Читаем The Moon and the Sun полностью

He fled the chapel.

He flew down the hill to the Fountain, leaving Marie-Josèphe struggling to keep up. He pushed his way through the visitors, flung open the cage door, and ran down the stairs. His breath tore his throat.

Oblivious to the spectators, Yves stepped off the platform. The water rose up around him, soaking his cassock. He waded toward Apollo.

“Sea woman! Sherzad!”

The sea woman surfaced beneath Triton. She spat at Yves and snarled.

“Forgive me, I didn’t know, I didn’t understand—I didn’t believe…”

The sea woman watched him, submerged but for the top of her head and her eyes.

Marie-Josèphe hurried to the Fountain. Yves turned to her.

“Tell her—I thought nothing of taking her ring. I thought, how strange to find rubies tangled in an animal’s hair…”

“Tell her yourself,” Marie-Josèphe said, out of breath. “But you frighten her, so be gentle.”

“I captured you,” Yves said. “I allowed your friend to die, and now I’ve sentenced you to death as well. I didn’t understand. I’m sorry. I didn’t know. I’m sorry, for the love of God, please forgive me.” He held out the ring, offering it to her.

Sherzad swam slowly closer, keening.


* * *


Outside the tent, draft horses stamped impatiently, jingling their harness. Their driver waited for his cargo, to take it to the sea.

Marie-Josèphe sat on the rim of the Fountain of Apollo, holding Sherzad’s hand, stroking her coarse dark hair. The sea woman lay on the steps, bracing herself on the stone rim; she leaned against Marie-Josèphe, dripping fetid water, her naked body warming Marie-Josèphe’s side. She pressed her cheek into Marie-Josèphe’s palm, wetting it with her tears. Marie-Josèphe held her close, wishing she could comfort her. The song of Sherzad’s mourning pierced her skin like tiny knives.

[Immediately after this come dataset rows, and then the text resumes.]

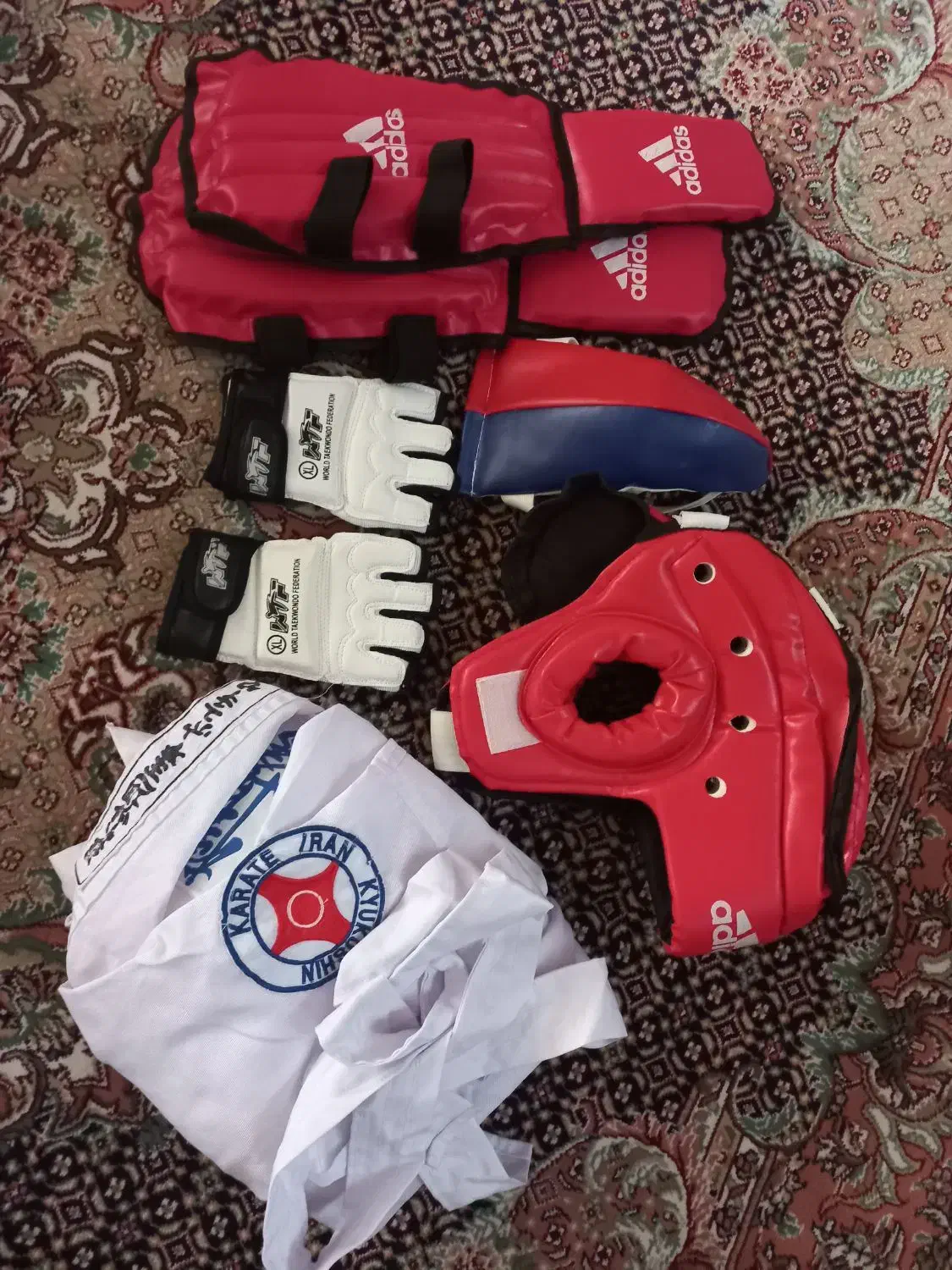 لباس رزمی و یک جفت|تجهیزات ورزشی|اراک, |دیوار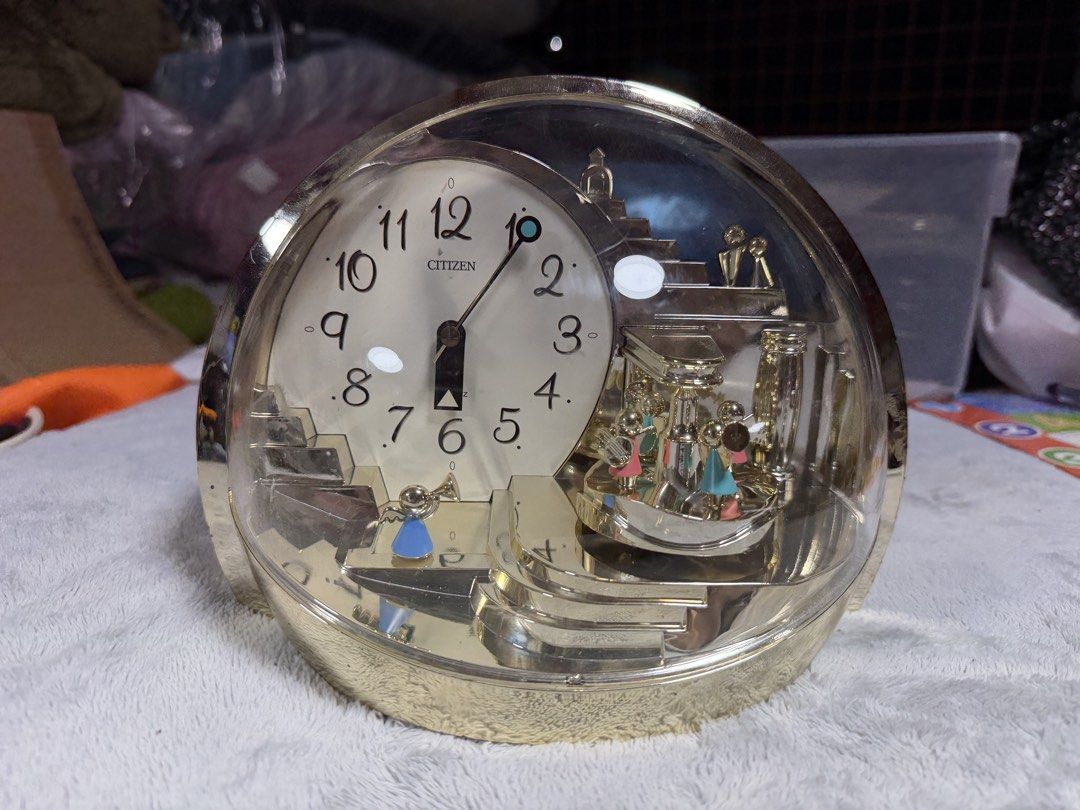 VINTAGE CITIZEN SILHOUETTE ROMANCE TABLE CLOCK (Category: Clocks) located in Sablan. Submitted by gongonshelley12 (Listing ID 1466894668, Image 1). Description: 850 only!! 👉🏻👉🏻vintage Citizen Silhouette Romance 677N (4SG677-N18) table clock ANG GANDA NG CITIZEN TABLE CLOCK NA TO!! GUMAGANA ANG CLOCK AT DISPLAY PO 2 AA batt ANG KELANGAN (not included).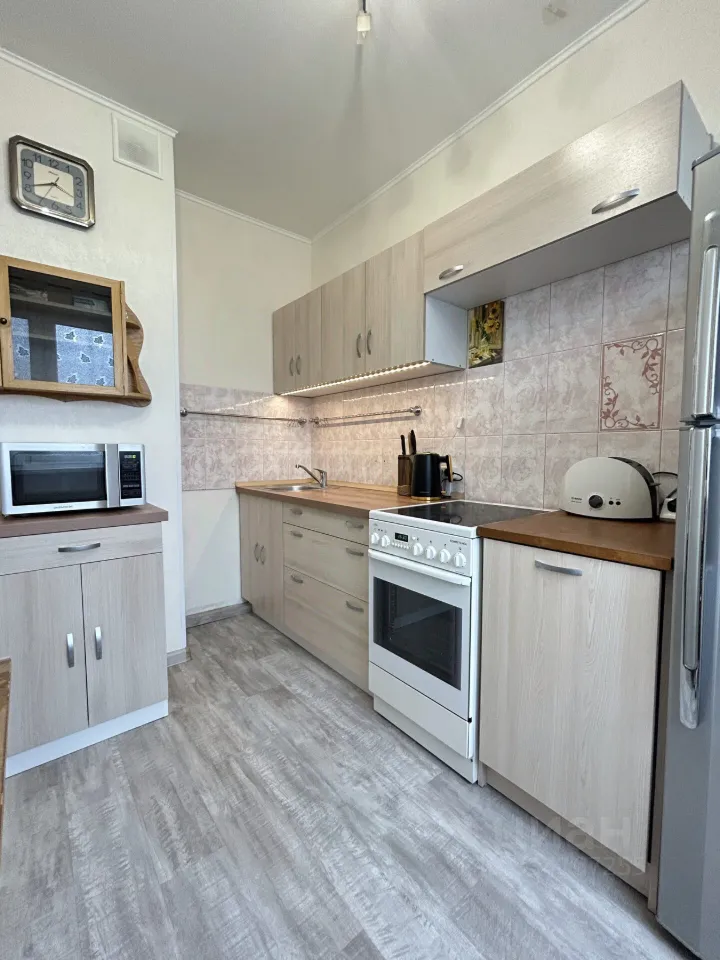 2-комн. квартира, 55 м², 11/17 этаж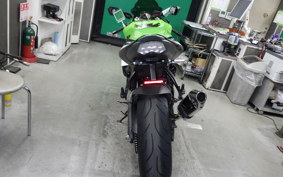 KAWASAKI ZX 10 NINJA R 2015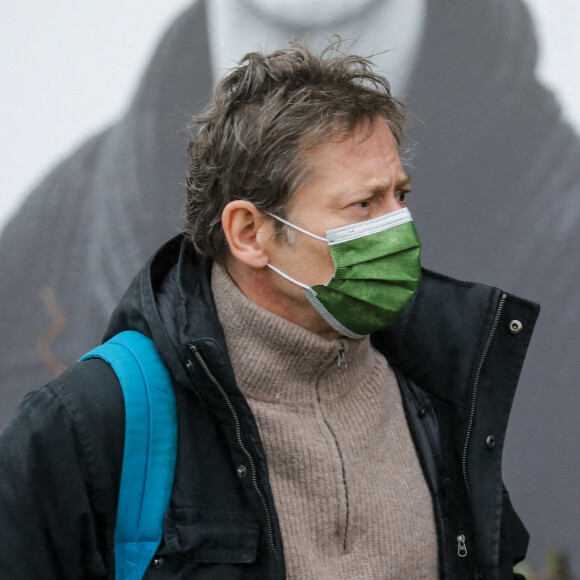 Mathieu Amalric - Sorties des obsèques (bénédiction) de Gaspard Ulliel en l'église Saint-Eustache à Paris. Le 27 janvier 2022 © Jacovides-Moreau / Bestimage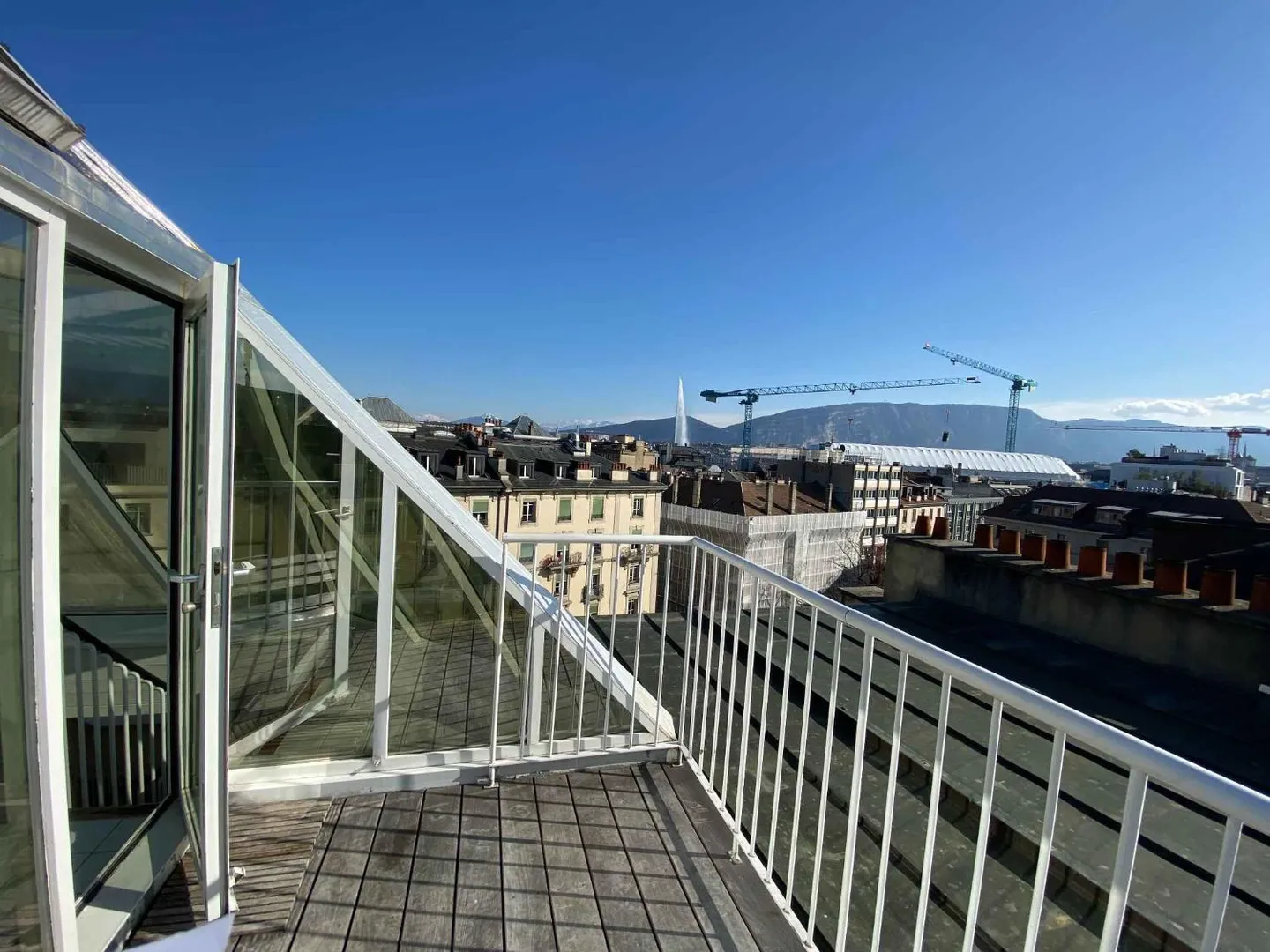 Appartement Duplex avec Terrasse - Photo 2 sur 13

Yves spread a silk handkerchief over the man of the sea’s ruined face, and wrapped the canvas shroud around him. With his own hands he helped three servants lift Sherzad’s friend. They placed him in the coffin. Yves folded the canvas around him. The servants carried the coffin to the cage, so Sherzad could look on her friend one final time.

The sea woman fell silent. Though she would not touch her friend with her voice, she placed her webbed hand onto his chest. Her fingers trembled.

“He received no last rites,” Yves said. “I was with him, but I gave him no last rites…”

“Never mind,” Marie-Josèphe said. “The sea people aren’t Christians. They have no god.”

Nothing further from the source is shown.